ASSIGNMENT: In the records below, find the line with "Everysky Gorskie Tarasy" and repeat exactly every line from it through the line with "Eyelet peplum top - Picture 2 of 4". Pictures stay out.

TASK MATERIAL:

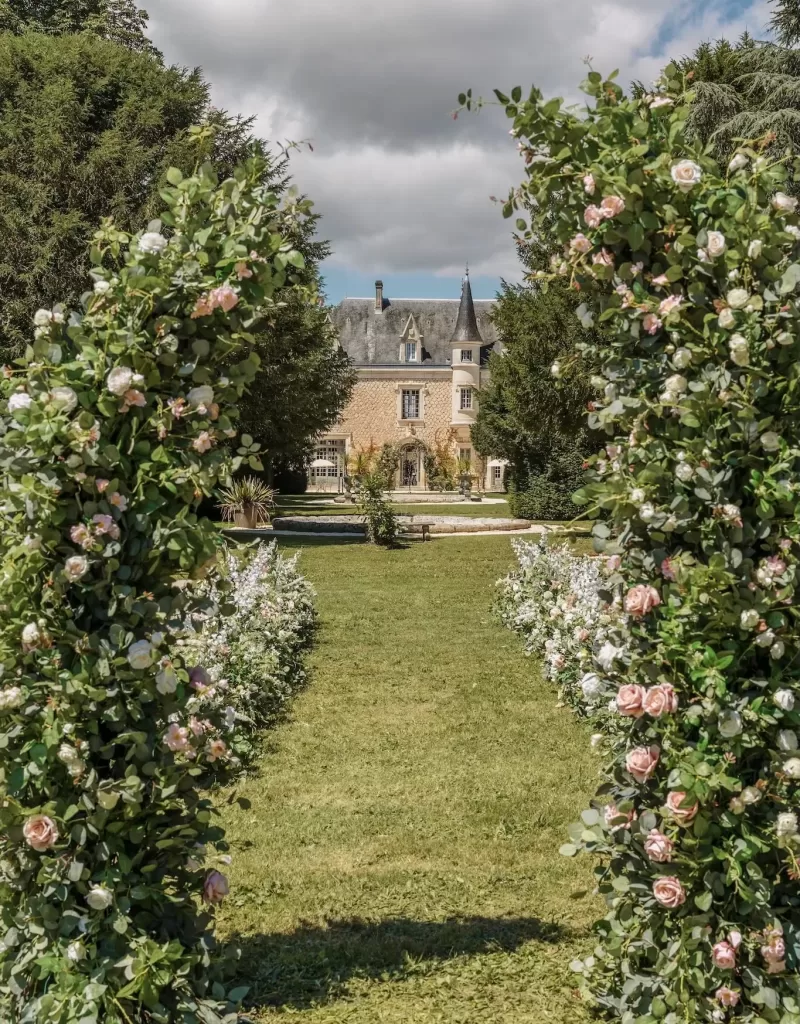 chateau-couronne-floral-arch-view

...

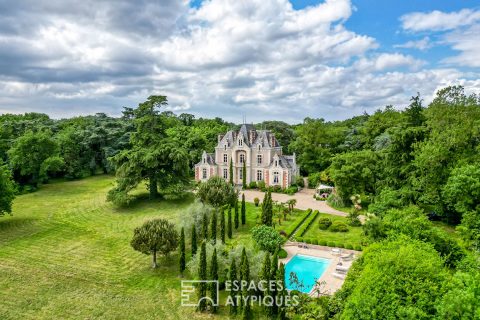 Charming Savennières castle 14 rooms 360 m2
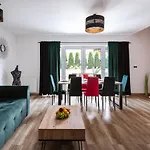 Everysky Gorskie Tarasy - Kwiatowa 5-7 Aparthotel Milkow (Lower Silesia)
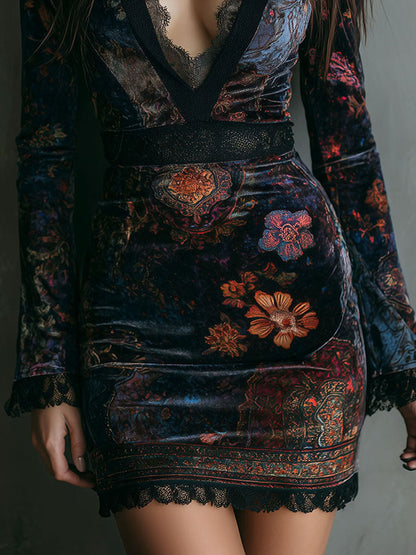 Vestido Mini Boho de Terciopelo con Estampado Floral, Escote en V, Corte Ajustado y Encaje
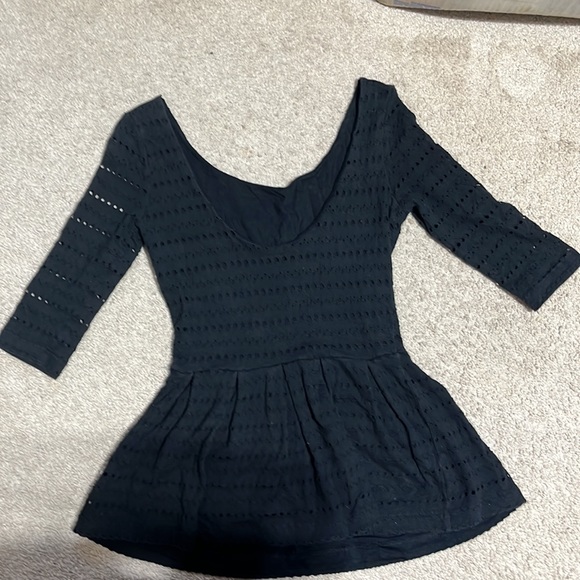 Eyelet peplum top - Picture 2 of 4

==

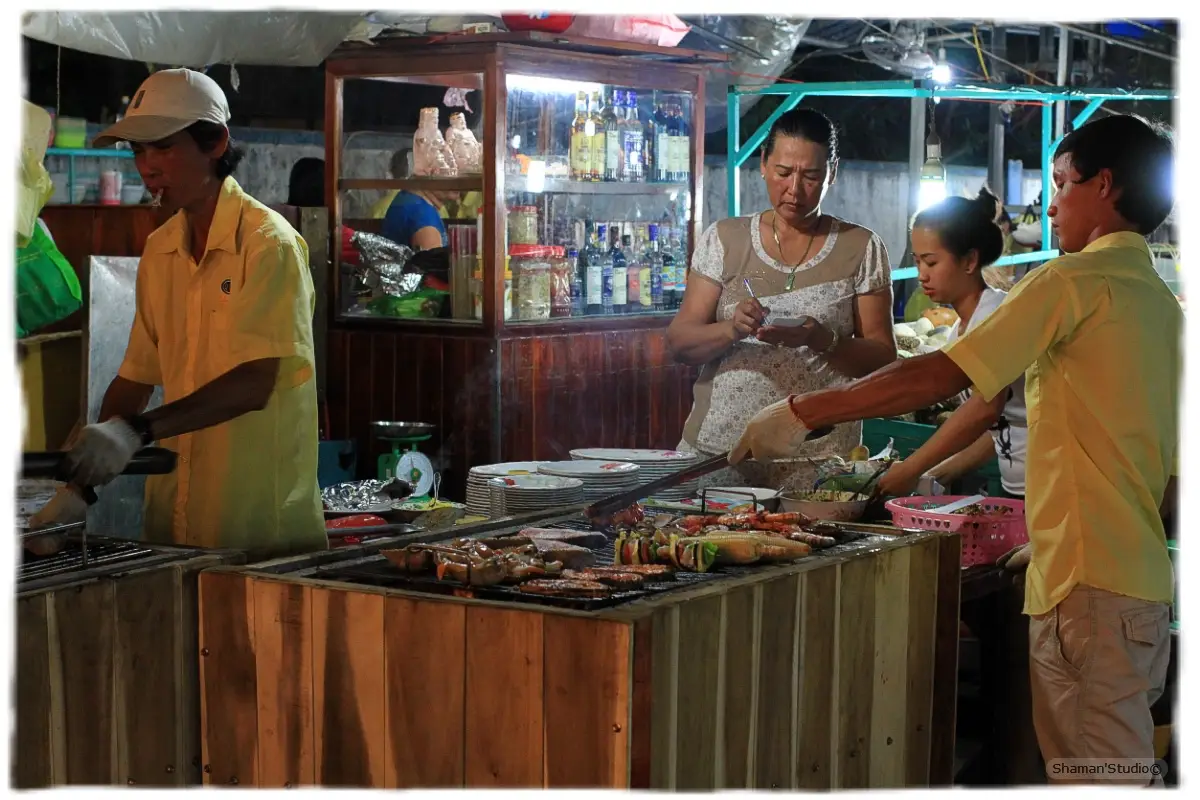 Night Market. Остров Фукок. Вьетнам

RESULT FOR THIS TASK:
 Everysky Gorskie Tarasy - Kwiatowa 5-7 Aparthotel Milkow (Lower Silesia)
 Vestido Mini Boho de Terciopelo con Estampado Floral, Escote en V, Corte Ajustado y Encaje
 Eyelet peplum top - Picture 2 of 4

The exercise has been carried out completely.